Mercer Wealth, which globally has $160 billion in AUM, plans to boost its AUM in the region to $2-$3bn in the next 2-3 years from the present $1bn, said Yasir AbuShaban, a Dubai-based principal with Mercer Wealth.

Within the next two to three years, we are looking at reaching $2 to $3 billion as a conservative estimate and we do see an opportunity to do so,” said Mr AbuShaban.

Mercer does not directly make investments, but allocates clients’ money they have discretion to, to professional asset managers. They also provide advice to clients.

“We have buying power. We can negotiate on their (client’s) behalf with asset managers to provide them lower fees than they otherwise would have to get on their own,” he added.

Mercer Wealth’s clients include sovereign wealth funds, family offices, and insurance companies among others.

From its office in Dubai, Mercer also looks after Africa, India and Turkey, where they also see opportunity for growth.

Wealth creation in Middle East and Africa (MEA) grew 8.5 per cent to $8.1 trillion last year from $7.5tn in 2015, higher than last year’s global average of 6 per cent and the second-highest growth in a region after Asia-Pacific which grew 9.9 per cent, according to consultancy Boston Consulting Group (BCG). In the region, where wealth grew just 1.9 per cent in 2015 compared with 2014, a pickup in oil prices has helped in wealth generation.

BCG is forecasting MEA wealth will rise to $12tn by 2021, growing at an annual average of 8 per cent.

Drivers of wealth generation in the region will be split evenly between new wealth creation and growth of performance of existing assets, according to BCG.

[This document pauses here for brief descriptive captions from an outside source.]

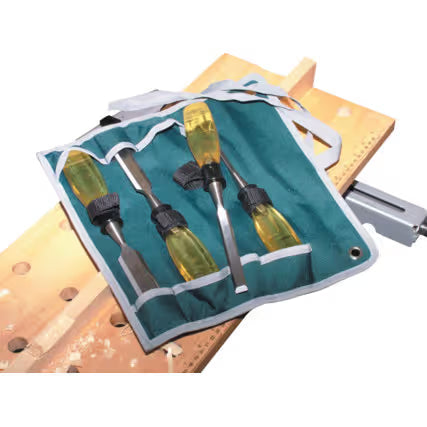 KENNEDY Craftsman Bevel Edge Wood Chisels Set of 4 for Woodworking KENNEDY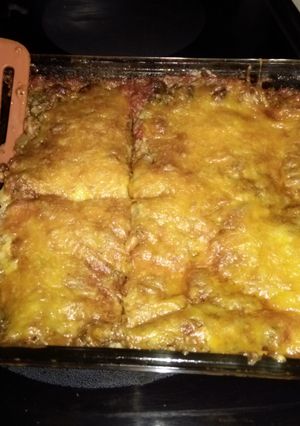 A picture of Cheesy Mexican Casserole.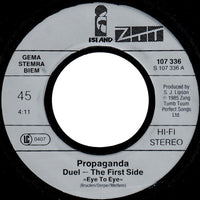 Propaganda : Duel (7", Single)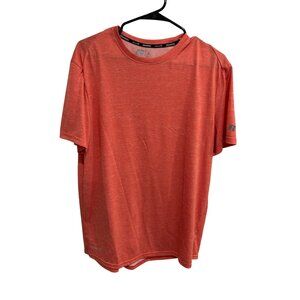 Russell Mens Wild Paprika Heather Training Fit Shirt M Freshforce Dri-Power 360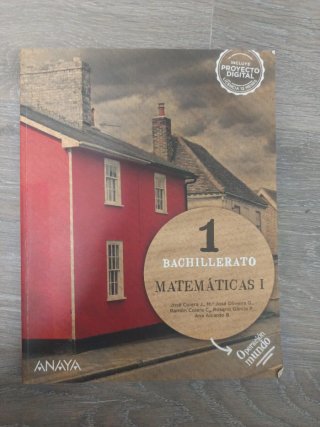 Libro matemáticas primero bachillerato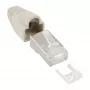 Conector de crimpado InLine RJ45 8P8C apantallado con guía de inserción y protección antiacodamiento 100 unidades
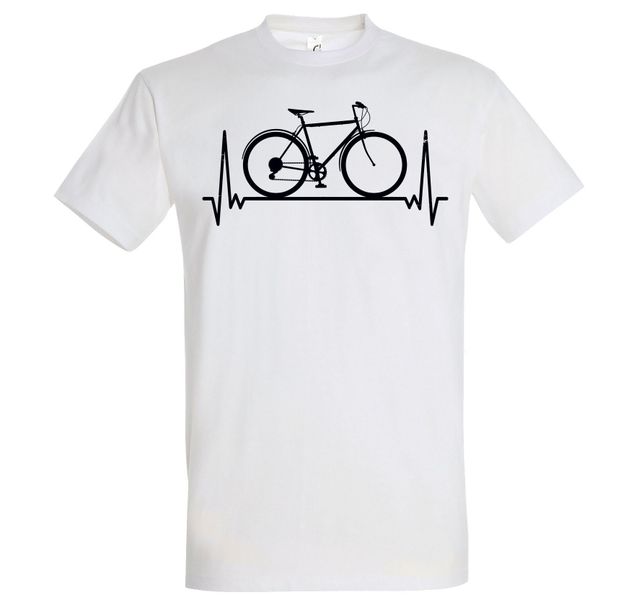 Youth Designz T-Shirt Heartbeat Fahrrad Herren günstig online kaufen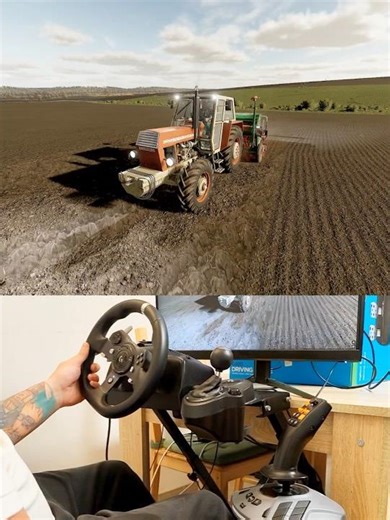 Farming Simulator Zetor 10045 Logitech Steering Wheel Manual Gearbox Thrustmaster Farmstick #dkgc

Another general trend in the region is clients’ looking for a comprehensive approach to investing, according to Mr AbuShaban.

“Institutional investors or some of the families are seeing a slowdown in the available capital they have to invest and in that sense they are looking at optimizing the way they manage their portfolios and making sure they are not investing haphazardly and different parts of their investment are working together,” said Mr AbuShaban.

Some clients also have a higher appetite for risk, given the low interest-rate environment that does not provide enough yield for some institutional investors. These clients are keen to invest in illiquid assets, such as private equity and infrastructure.

“What we have seen is a desire for higher returns in what has been a low-return environment specifically in various fixed income or bonds,” he said.

“In this environment, we have seen a de facto increase in the risk that clients are taking in things like illiquid investments, private equity investments, infrastructure and private debt, those kind of investments were higher illiquidity results in incrementally higher returns.”

The Abu Dhabi Investment Authority, one of the largest sovereign wealth funds, said in its 2016 report that has gradually increased its exposure in direct private equity and private credit transactions, mainly in Asian markets and especially in China and India. The authority’s private equity department focused on structured equities owing to “their defensive characteristics.”